### Requirement
In your copy, the records appear word for word and the pictures do not appear at all.
==== Data supplied ====
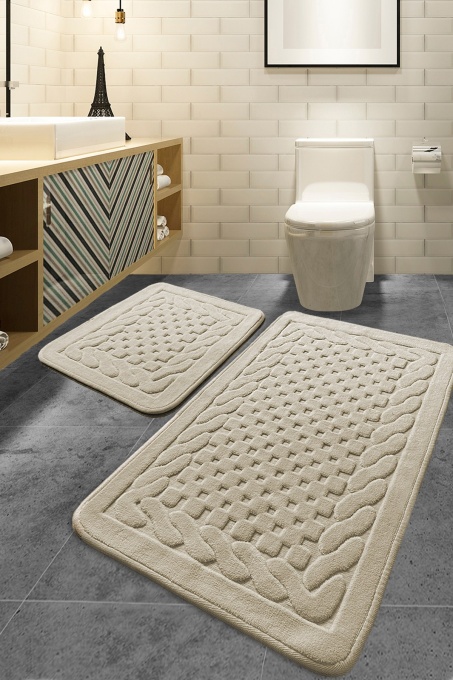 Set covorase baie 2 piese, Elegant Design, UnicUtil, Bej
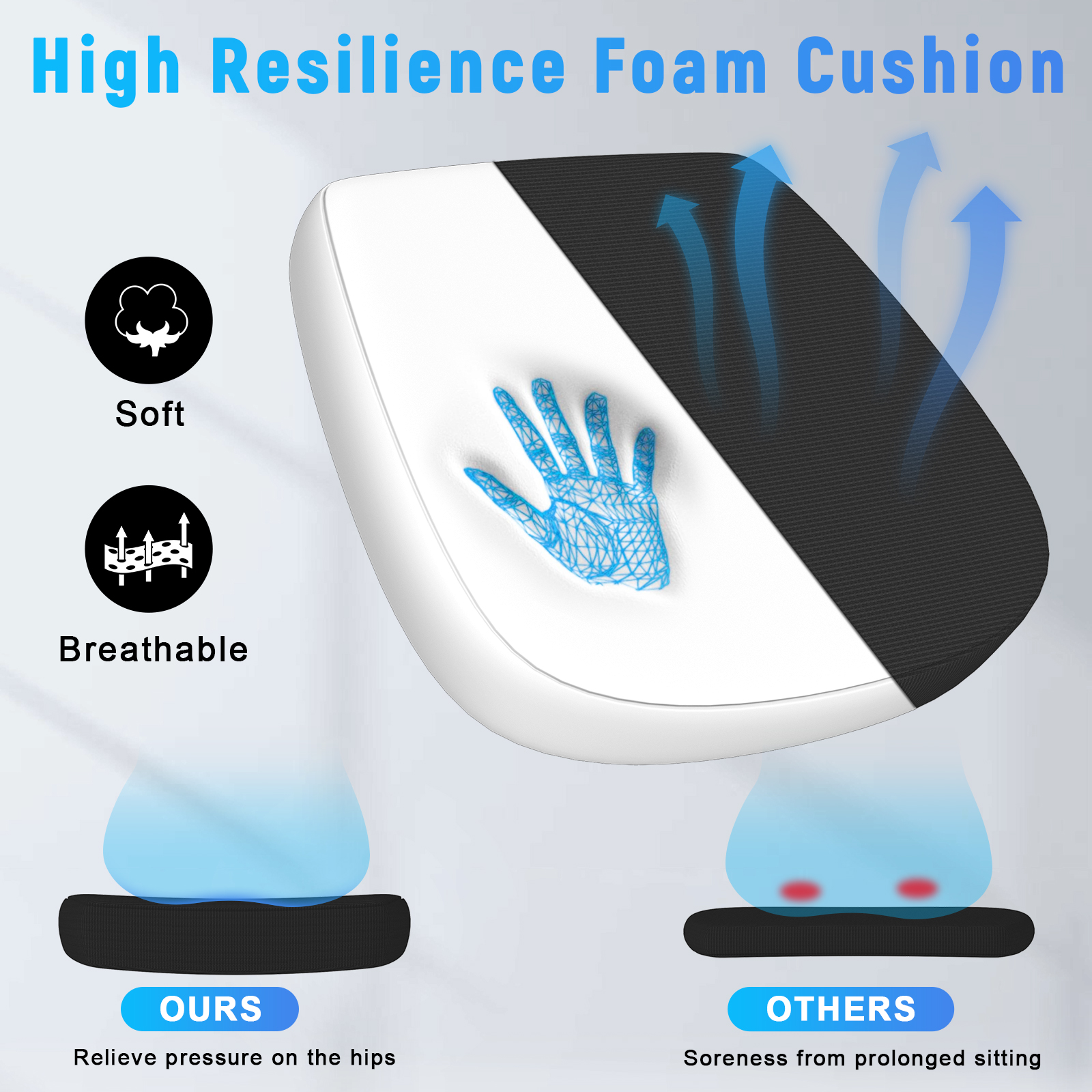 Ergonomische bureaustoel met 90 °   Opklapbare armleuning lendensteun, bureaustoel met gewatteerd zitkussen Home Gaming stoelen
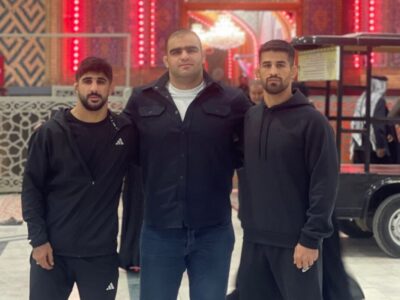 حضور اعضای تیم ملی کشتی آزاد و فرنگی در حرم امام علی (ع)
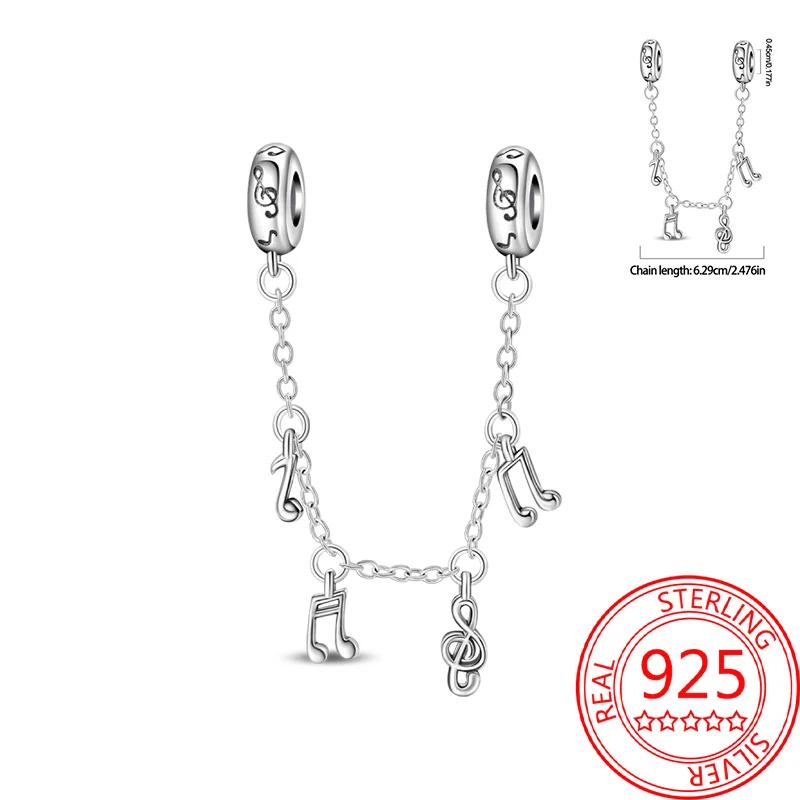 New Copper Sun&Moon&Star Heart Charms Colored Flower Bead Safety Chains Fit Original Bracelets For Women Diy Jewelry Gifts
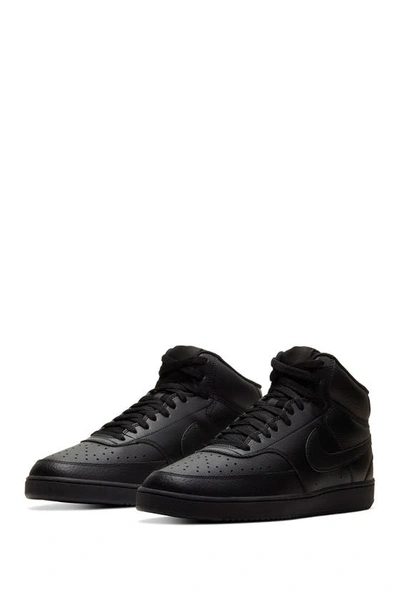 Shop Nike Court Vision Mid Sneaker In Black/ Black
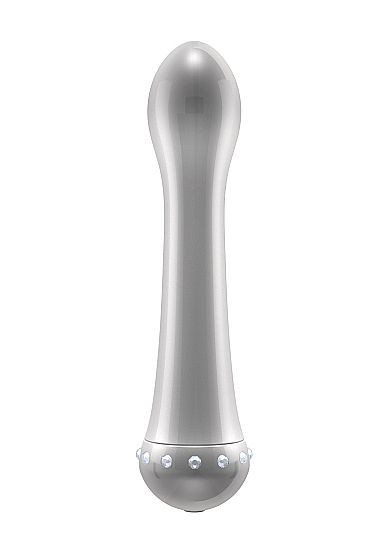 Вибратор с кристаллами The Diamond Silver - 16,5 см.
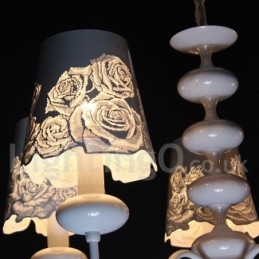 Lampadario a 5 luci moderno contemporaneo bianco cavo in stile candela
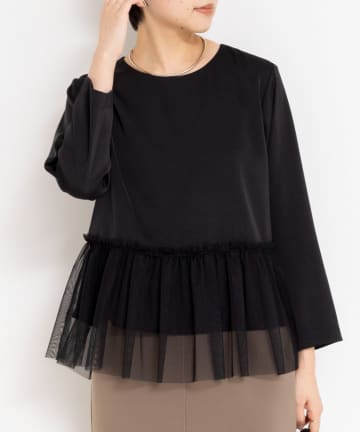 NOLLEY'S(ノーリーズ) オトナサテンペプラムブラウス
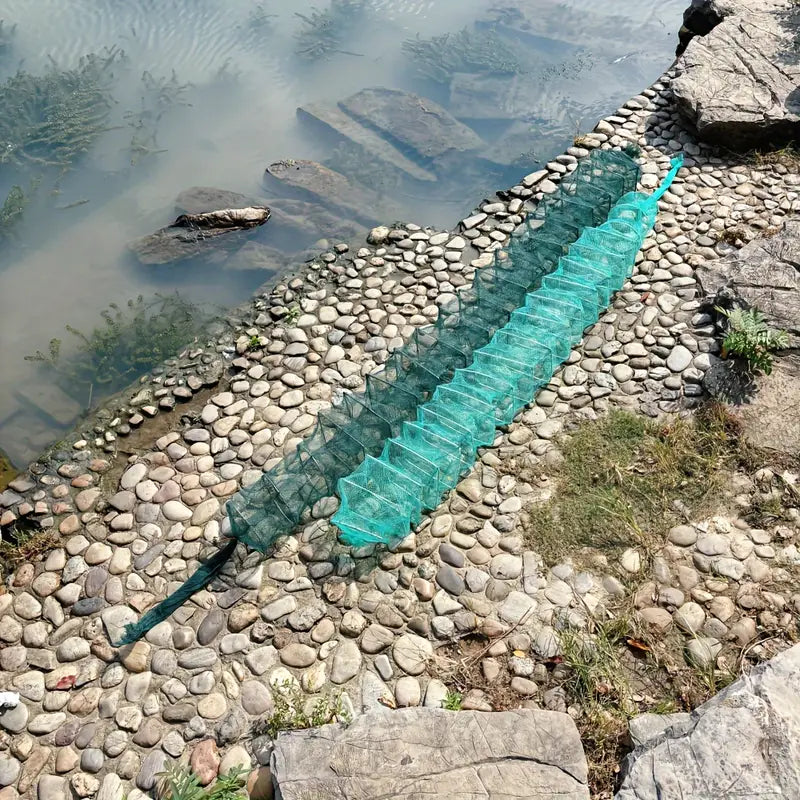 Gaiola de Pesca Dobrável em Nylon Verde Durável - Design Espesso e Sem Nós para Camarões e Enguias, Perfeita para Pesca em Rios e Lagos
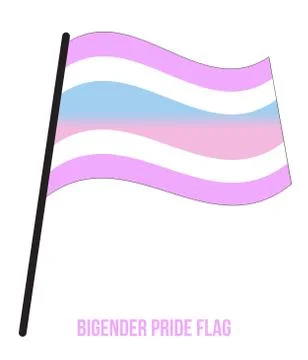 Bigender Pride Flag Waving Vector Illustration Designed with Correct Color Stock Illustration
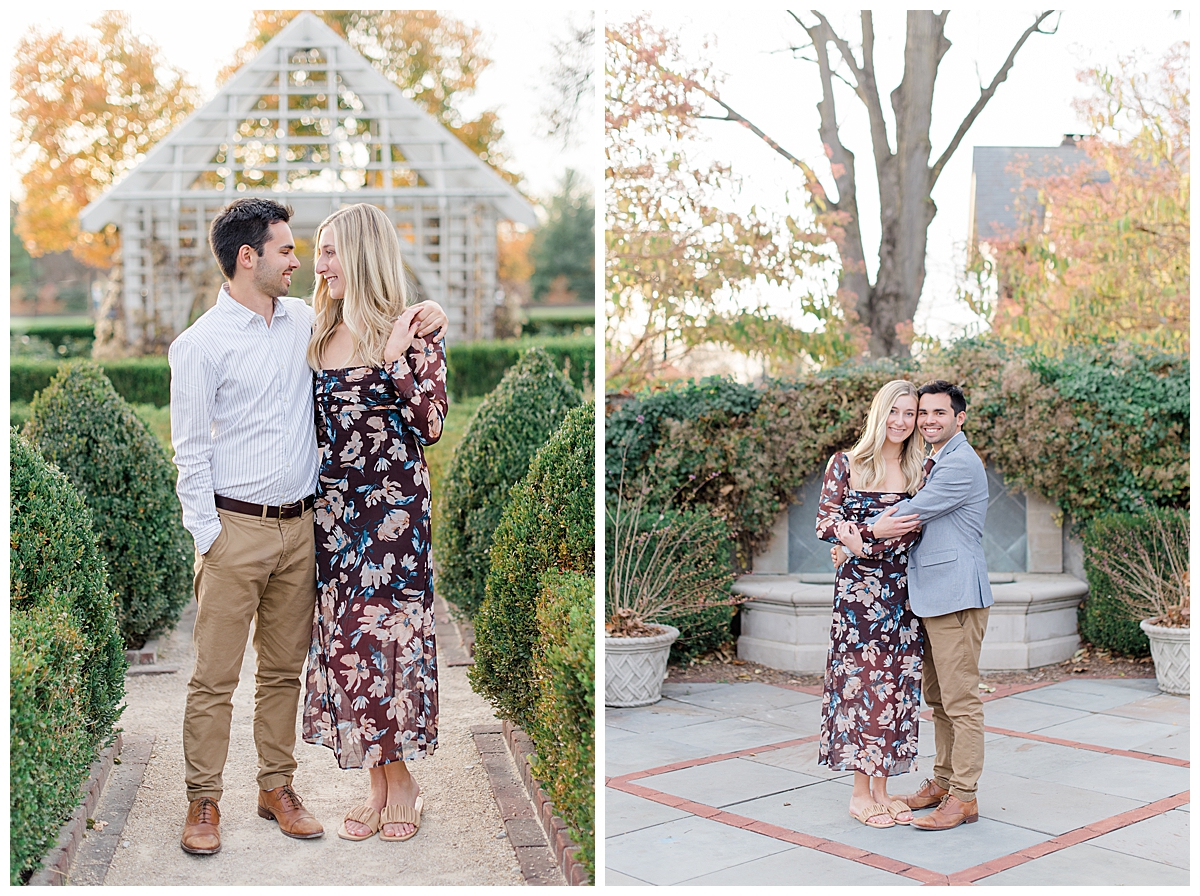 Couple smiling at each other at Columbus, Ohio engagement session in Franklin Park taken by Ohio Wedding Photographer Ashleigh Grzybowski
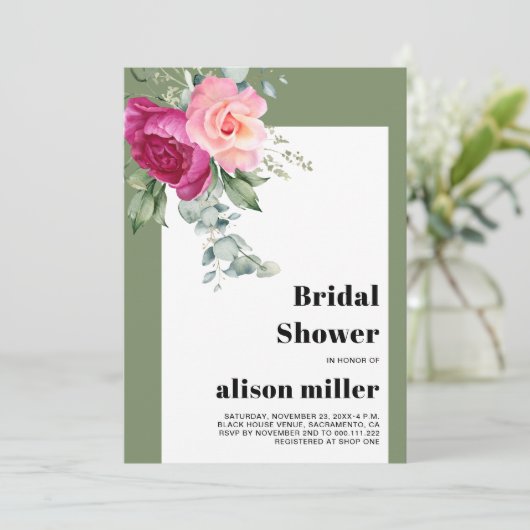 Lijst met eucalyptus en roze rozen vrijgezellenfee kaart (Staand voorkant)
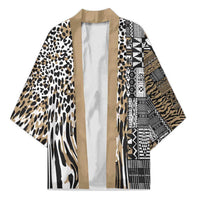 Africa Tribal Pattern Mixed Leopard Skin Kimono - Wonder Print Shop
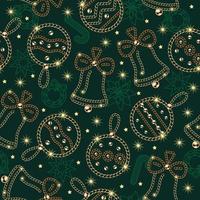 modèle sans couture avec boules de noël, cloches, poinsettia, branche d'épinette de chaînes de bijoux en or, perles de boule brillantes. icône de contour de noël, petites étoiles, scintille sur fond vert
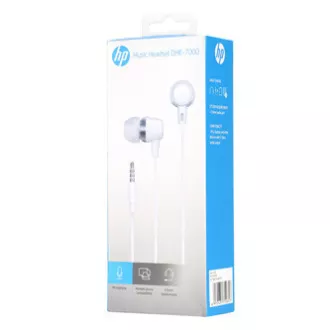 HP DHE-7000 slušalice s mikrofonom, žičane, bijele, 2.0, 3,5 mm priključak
====
### Task result
 Set covorase baie 2 piese, Elegant Design, UnicUtil, Bej
 Ergonomische bureaustoel met 90 °   Opklapbare armleuning lendensteun, bureaustoel met gewatteerd zitkussen Home Gaming stoelen
 حضور اعضای تیم ملی کشتی آزاد و فرنگی در حرم امام علی (ع)
 New Copper Sun&Moon&Star Heart Charms Colored Flower Bead Safety Chains Fit Original Bracelets For Women Diy Jewelry Gifts
 Shop Nike Court Vision Mid Sneaker In Black/ Black
 Вибратор с кристаллами The Diamond Silver - 16,5 см.
 Lampadario a 5 luci moderno contemporaneo bianco cavo in stile candela
 NOLLEY'S(ノーリーズ) オトナサテンペプラムブラウス
 Gaiola de Pesca Dobrável em Nylon Verde Durável - Design Espesso e Sem Nós para Camarões e Enguias, Perfeita para Pesca em Rios e Lagos
 Bigender Pride Flag Waving Vector Illustration Designed with Correct Color Stock Illustration
 Couple smiling at each other at Columbus, Ohio engagement session in Franklin Park taken by Ohio Wedding Photographer Ashleigh Grzybowski
 Lijst met eucalyptus en roze rozen vrijgezellenfee kaart (Staand voorkant)
 Africa Tribal Pattern Mixed Leopard Skin Kimono - Wonder Print Shop
 modèle sans couture avec boules de noël, cloches, poinsettia, branche d'épinette de chaînes de bijoux en or, perles de boule brillantes. icône de contour de noël, petites étoiles, scintille sur fond vert
 HP DHE-7000 slušalice s mikrofonom, žičane, bijele, 2.0, 3,5 mm priključak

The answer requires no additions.